GOAL OF THE EXERCISE:
Shown below is a listing with pictures; reproduce exactly, and only, the lines between the ones containing "MITSUBISHI OUTLANDER HEADREST, RH" and "terrain 850 m² avec maisons à rénover", inclusive, leaving the pictures out.

PROVIDED RECORDS:
****

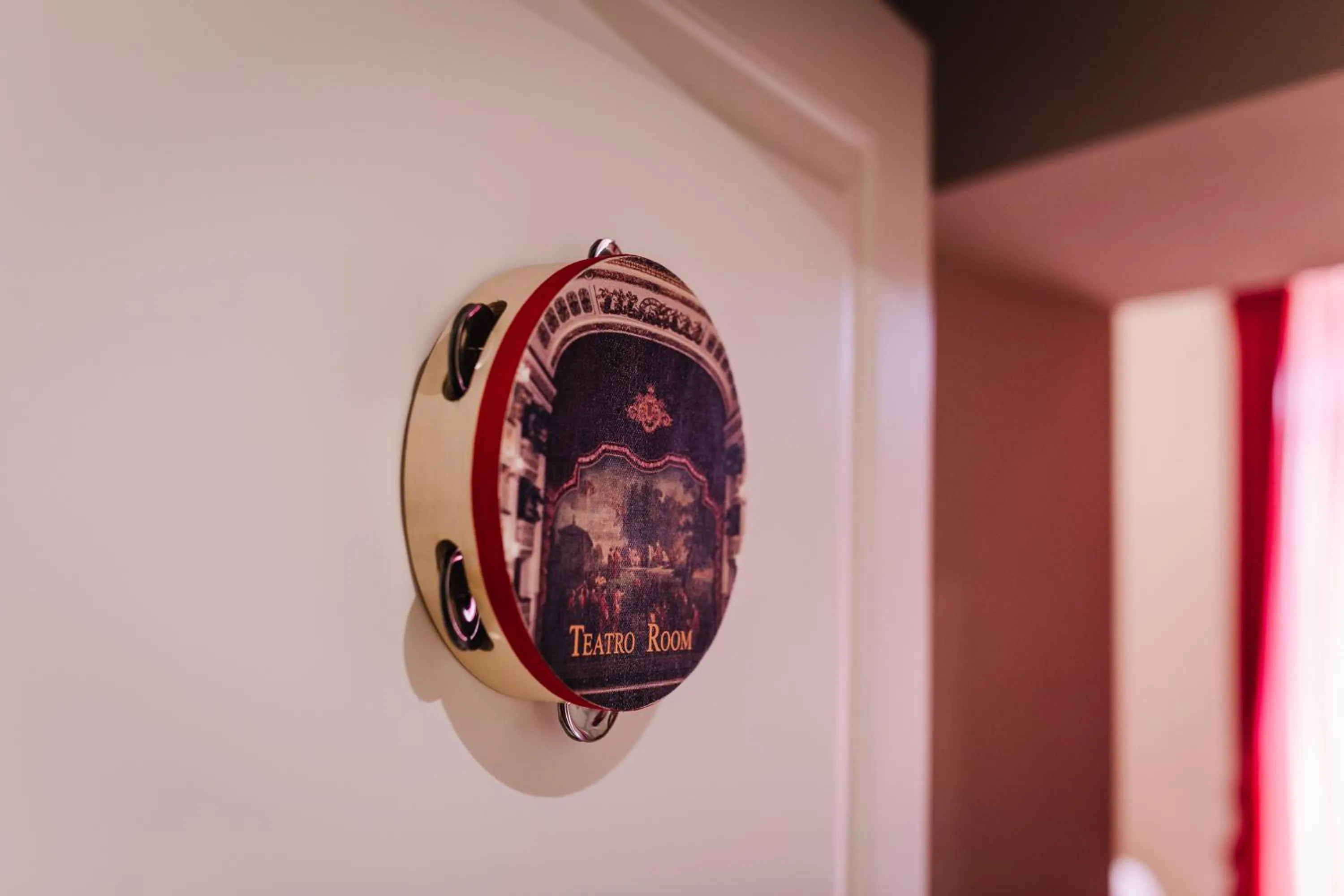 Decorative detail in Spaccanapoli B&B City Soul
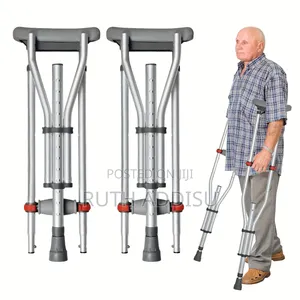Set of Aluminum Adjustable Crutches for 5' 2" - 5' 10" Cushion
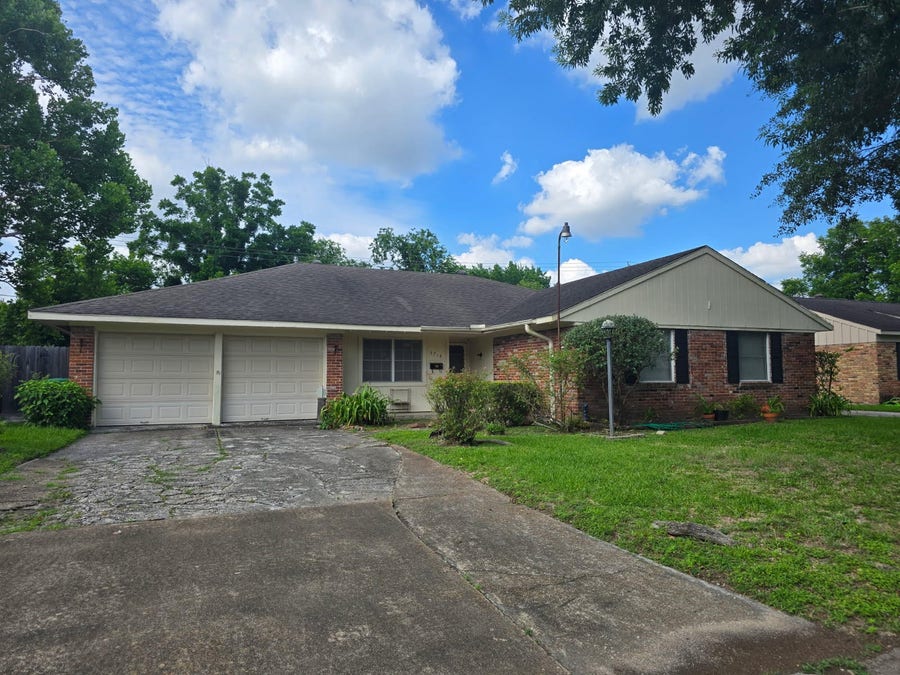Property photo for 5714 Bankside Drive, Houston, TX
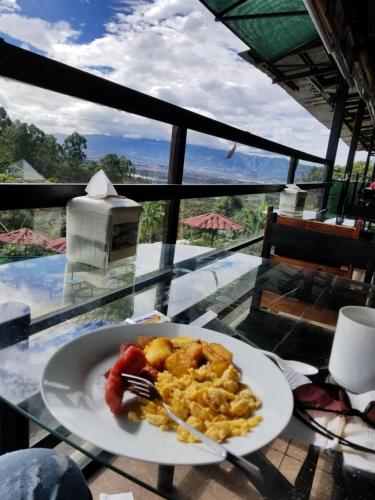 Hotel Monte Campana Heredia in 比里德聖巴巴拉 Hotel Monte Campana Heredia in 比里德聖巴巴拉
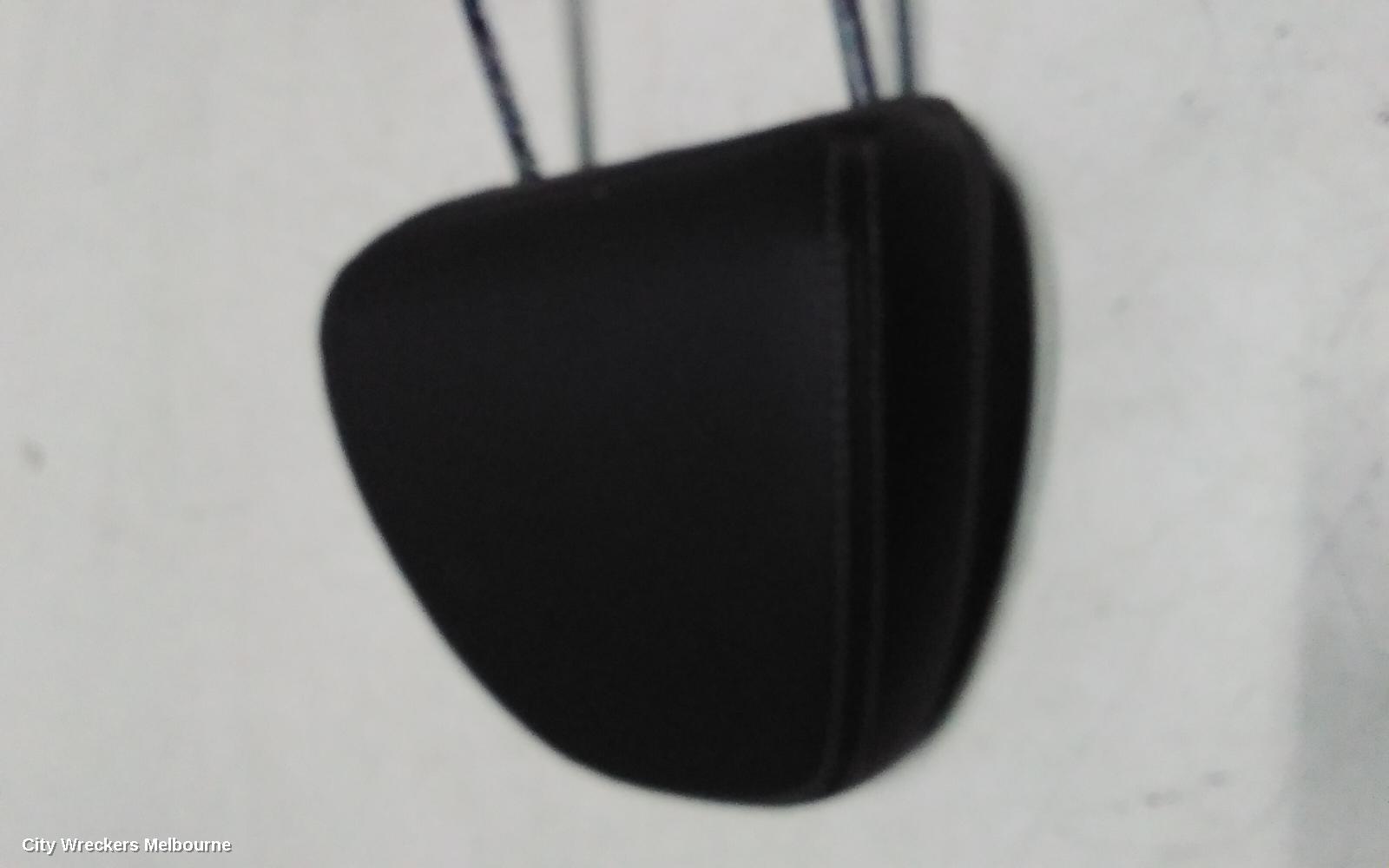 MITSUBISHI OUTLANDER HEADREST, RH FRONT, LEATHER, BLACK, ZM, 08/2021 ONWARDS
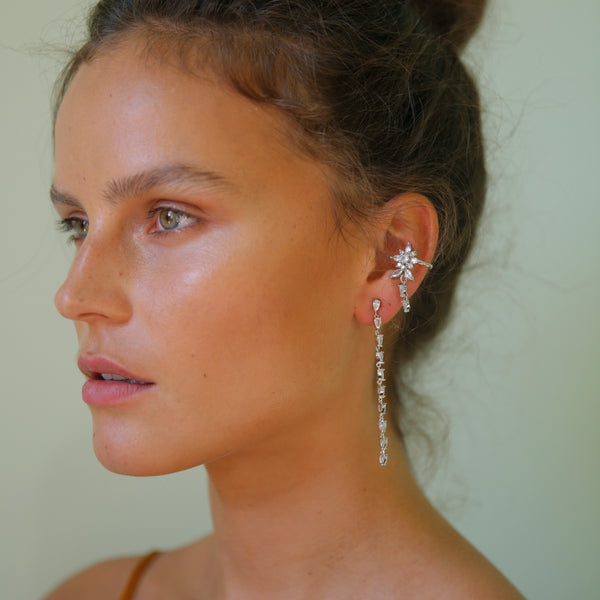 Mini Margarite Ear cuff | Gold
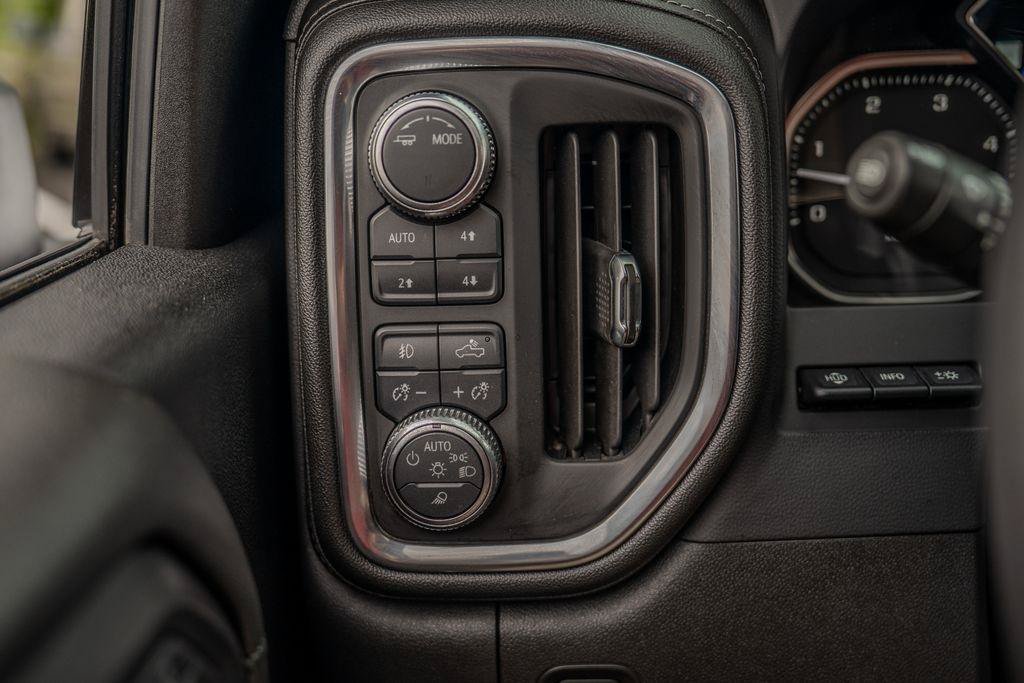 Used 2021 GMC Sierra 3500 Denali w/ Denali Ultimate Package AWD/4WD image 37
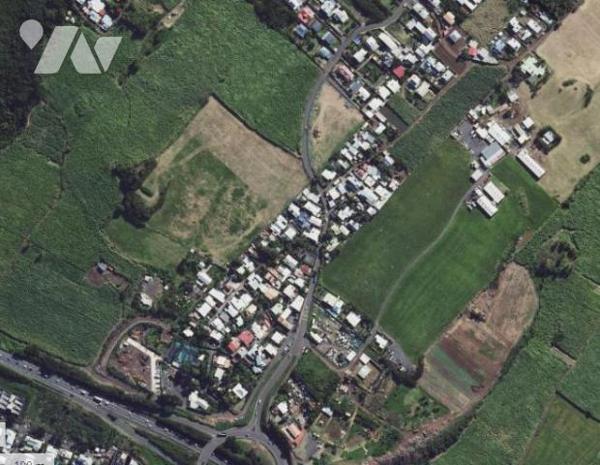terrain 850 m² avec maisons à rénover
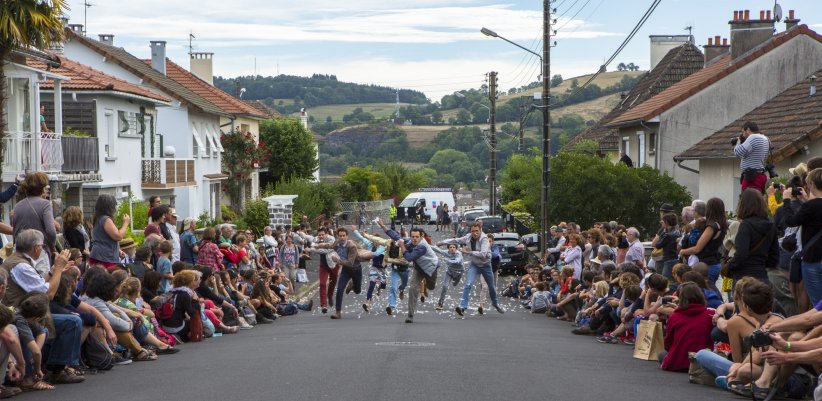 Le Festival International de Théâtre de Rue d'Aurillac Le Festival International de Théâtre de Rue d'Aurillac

****

SOLVED PROBLEM:
 MITSUBISHI OUTLANDER HEADREST, RH FRONT, LEATHER, BLACK, ZM, 08/2021 ONWARDS
 Mini Margarite Ear cuff | Gold
 Used 2021 GMC Sierra 3500 Denali w/ Denali Ultimate Package AWD/4WD image 37
terrain 850 m² avec maisons à rénover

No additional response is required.